Advertisers can access basic DIY creative functions through video partners, while Cannes Lions reported 12% of all entries utilised AI.
Clients and brands are optimising messaging and offers behind the scenes, with customer service AI functions taking the form of everything, from avatars to personalised products.
In agencies, AI is being used for generating idea inspiration, meeting notation and real time campaign and competitive dashboarding, complete with findings. While we haven’t quite reached mainstream usage of the ‘Hey Gen’ app to create an “AI version of you that speaks 175 languages, moves naturally, and always follows the script,” I do look forward to mine never having to be reminded to come off mute.
In 2024, we saw this widespread AI obsession meet with its countertrend – real world resurgence.
Real World Resurgence
Faced with significant AI innovation, the ‘real world’ of tangible media formats is experiencing a resurgence.
Despite our industry forecasts predicting a decline for print media, we saw a 7% year-on-year increase in magazine readership, and an 8% rise in lifestyle titles (September 2024).

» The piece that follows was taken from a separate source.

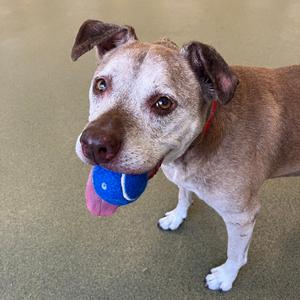 A brown and white dog holding a blue ball in its mouth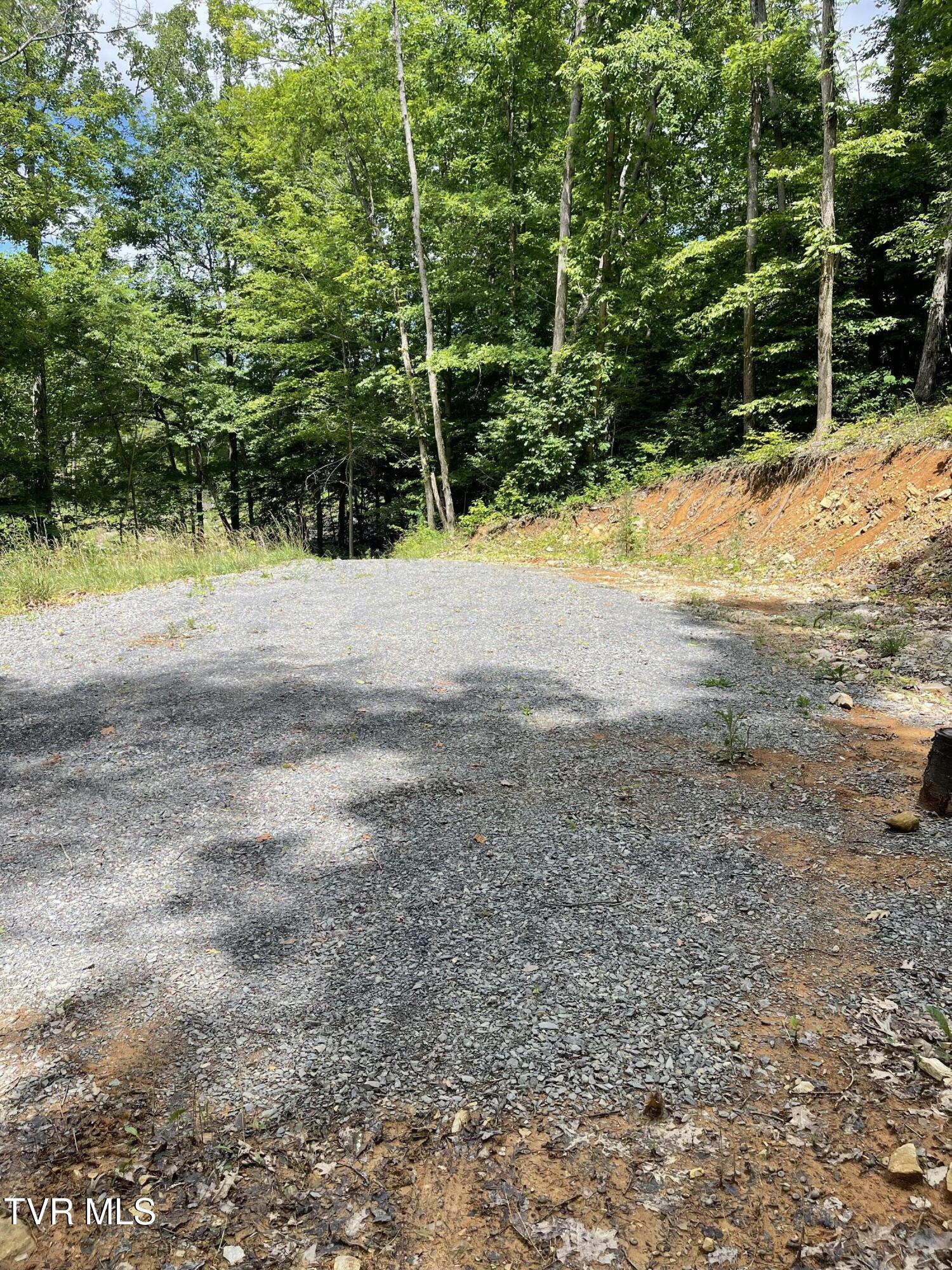Tbd Johnson Hollow Road Bristol, TN 37620 - Photo 3 of 17 IMG_5101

Us 90s girls rejoiced when Cosmopolitan hit the stands again, immediately purchasing for our younger counterparts. Could magazines mirror the success of the vinyl renaissance?!
And though we have at least 6.6 screens in the average Australian household, cinema audiences have increased by 15% year-on-year come September 2024, proving the desire for real world, big screen experiences.
2024 also saw the comeback of the ‘dumb phone’, and the chance to beat your Snake high score on today’s version of the Nokia 3210. (Yes, you still tap each number three times to spell out your text messages...) HMD offers a ‘Barbie version’ in trademark pink, with the added enhancement of a Barbie meditation app. Rather than appealing to a nostalgic Millennial / Gen X demographic though, it’s Gen Alpha who seem to have them on their holiday wishlists.
Earlier this year, the envied Australians with VIP access to Taylor Swift proudly donned their ‘real world’ printed tickets on a lanyard, as the rest of us scrambled to scan our phones for entry to the restricted viewing area.
Amidst the on-demand era, where technology provides unparalleled access and AI is infiltrating every channel and platform, it’s exciting to consider the creative potential of tangible, real world media experiences in 2024.